# Confusion over Axiom of Choice.

1. Jan 8, 2014

### QIsReluctant

Hello,

What "choice" does the Axiom of Choice permit us to make? I've searched high and low and not found a satisfactory answer. To me it seems to add no new information to its hypotheses: Given an arbitrary collection of non-empty sets, isn't it true, without assuming anything and just by the fact that each set has at least one element, that you can map each set to an element within itself? Or is the rub that the statement is not provable or disprovable from the axioms of ZF (which I wish I were more familiar with)?

One author suggests that you need a hard-and-fast rule (e.g., if I'm using the domain of positive-length real intevals let f(interval) = the midpoint), but then says that we don't need AC for any finite interval because we are able, by induction, to pick set-by-set within the domain. I guess I need a more precise definition ...

2. Jan 8, 2014

### pwsnafu

ZF can do induction, hence it can do finite choice. Induction doesn't let you do countable choice.

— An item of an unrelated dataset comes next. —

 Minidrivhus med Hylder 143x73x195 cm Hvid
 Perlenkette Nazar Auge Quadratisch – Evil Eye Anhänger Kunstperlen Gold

Uncountable choice leads to Banach-Tarski, which is counter intuitive.

3. Jan 8, 2014

### mathman

The axiom of choice is needed when the number in the collection is non-countable. In that case the construction of the choice set can't be made, since you have to make an uncountable number of choices.

4. Jan 8, 2014

### jgens

It is actually worse than this. A (weak) form of the axiom of choice is needed in the countable case as well.

5. Jan 8, 2014

### economicsnerd

But who wants to live in a world without countable choice?

6. Jan 8, 2014

### jgens

Those who subscribe to (ultra)finitism perhaps? :tongue:

7. Jan 9, 2014

### pwsnafu

To make this more precise. ACω is not provable in ZF. This means:
ZF is strickly weaker than ZF+ACω, which is strictly weaker than ZF+DC, which is strictly weaker than ZF+AC.

AC is Axiom of Choice, ACω is Axiom of Countable Choice and DC is Axiom of Dependent Choice, in case anybody was asking.